Often one of the nice things about aging is that you begin to appreciate what really matters in life, including the small things you may have previously taken for granted. Gratitude is being thankful for every experience life throws at you, materially, emotionally or spiritually.
Mayo Clinic research shows a daily practice of gratitude can boost your energy, improve your mood, increase optimism and enhance well-being. Gratitude can help you accept the things you can't change. Here are some ways to make gratitude a habit:
--Start your day with gratitude. Before you even get out of bed, make the first thought of your day one of gratitude. Take a few deep breaths and think about five people you're grateful to have in our life. One by one, send each person your silent gratitude while breathing out, slowly and deeply.
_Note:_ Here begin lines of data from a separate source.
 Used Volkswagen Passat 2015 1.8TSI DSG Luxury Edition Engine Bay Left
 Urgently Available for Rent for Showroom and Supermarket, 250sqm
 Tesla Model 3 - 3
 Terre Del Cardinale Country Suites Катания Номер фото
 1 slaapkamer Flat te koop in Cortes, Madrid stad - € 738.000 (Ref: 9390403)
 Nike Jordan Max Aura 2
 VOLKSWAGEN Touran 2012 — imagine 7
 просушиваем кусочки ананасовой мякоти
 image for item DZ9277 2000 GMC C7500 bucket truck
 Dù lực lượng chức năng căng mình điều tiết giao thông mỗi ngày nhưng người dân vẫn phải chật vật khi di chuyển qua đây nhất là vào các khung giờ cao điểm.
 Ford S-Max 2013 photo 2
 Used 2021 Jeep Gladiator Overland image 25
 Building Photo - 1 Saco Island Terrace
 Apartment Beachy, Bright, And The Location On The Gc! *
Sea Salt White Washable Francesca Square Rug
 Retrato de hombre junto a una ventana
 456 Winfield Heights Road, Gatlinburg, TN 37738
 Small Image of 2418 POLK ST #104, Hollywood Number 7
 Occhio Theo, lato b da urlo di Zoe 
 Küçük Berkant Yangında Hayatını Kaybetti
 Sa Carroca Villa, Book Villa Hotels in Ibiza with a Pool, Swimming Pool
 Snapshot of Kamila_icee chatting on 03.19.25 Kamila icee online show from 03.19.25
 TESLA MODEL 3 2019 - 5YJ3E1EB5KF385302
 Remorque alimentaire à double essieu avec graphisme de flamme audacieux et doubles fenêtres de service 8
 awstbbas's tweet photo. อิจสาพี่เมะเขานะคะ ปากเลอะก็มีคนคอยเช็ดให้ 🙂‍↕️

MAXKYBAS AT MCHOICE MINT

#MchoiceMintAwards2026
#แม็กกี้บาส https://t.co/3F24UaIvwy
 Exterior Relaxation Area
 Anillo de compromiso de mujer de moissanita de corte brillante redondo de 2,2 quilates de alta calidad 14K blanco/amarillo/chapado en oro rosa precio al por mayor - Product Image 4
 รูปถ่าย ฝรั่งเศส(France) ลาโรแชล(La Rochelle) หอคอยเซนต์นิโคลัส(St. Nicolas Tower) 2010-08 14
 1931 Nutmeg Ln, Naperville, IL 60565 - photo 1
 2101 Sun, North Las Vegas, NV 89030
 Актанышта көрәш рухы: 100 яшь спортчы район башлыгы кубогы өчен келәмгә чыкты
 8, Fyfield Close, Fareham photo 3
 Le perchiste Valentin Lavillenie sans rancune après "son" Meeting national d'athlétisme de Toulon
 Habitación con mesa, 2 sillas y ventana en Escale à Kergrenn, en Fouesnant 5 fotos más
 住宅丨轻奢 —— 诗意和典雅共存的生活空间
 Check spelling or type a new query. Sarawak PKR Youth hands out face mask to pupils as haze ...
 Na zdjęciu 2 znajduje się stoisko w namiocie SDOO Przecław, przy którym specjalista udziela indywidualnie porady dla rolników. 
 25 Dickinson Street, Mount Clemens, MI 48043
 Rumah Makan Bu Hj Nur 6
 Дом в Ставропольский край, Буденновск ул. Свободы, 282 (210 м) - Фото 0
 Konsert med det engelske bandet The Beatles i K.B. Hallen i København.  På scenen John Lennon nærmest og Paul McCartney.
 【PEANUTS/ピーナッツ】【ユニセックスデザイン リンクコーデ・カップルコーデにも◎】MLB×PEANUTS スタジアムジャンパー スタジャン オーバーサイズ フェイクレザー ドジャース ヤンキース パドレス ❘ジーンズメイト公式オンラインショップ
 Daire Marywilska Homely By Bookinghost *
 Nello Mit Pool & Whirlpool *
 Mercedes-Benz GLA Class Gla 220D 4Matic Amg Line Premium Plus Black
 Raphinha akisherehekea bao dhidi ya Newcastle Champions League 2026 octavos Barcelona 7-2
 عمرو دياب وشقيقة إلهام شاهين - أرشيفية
--Start a gratitude journal. As you end your day, jot down at least one thing for which you're grateful. It can be an important event or something as simple as a good cup of coffee.
--Collect gratitude sayings. You can find poignant quotes about gratitude in novels, books of poetry, great speeches and spiritual texts. When you see one, write it down. You may want to post them on the refrigerator, a corkboard or your car visor. When you're having a bad day, let a quite redirect your mind.
--Be grateful to those you help. Thank the people who seek your help. Be grateful that you're able to share your wisdom and unconditional love as a gift to others.
--Look for positives in the negatives. There will be bad days, no doubt. But focusing on the positive and looking for the silver lining can make even the bad days more tolerable.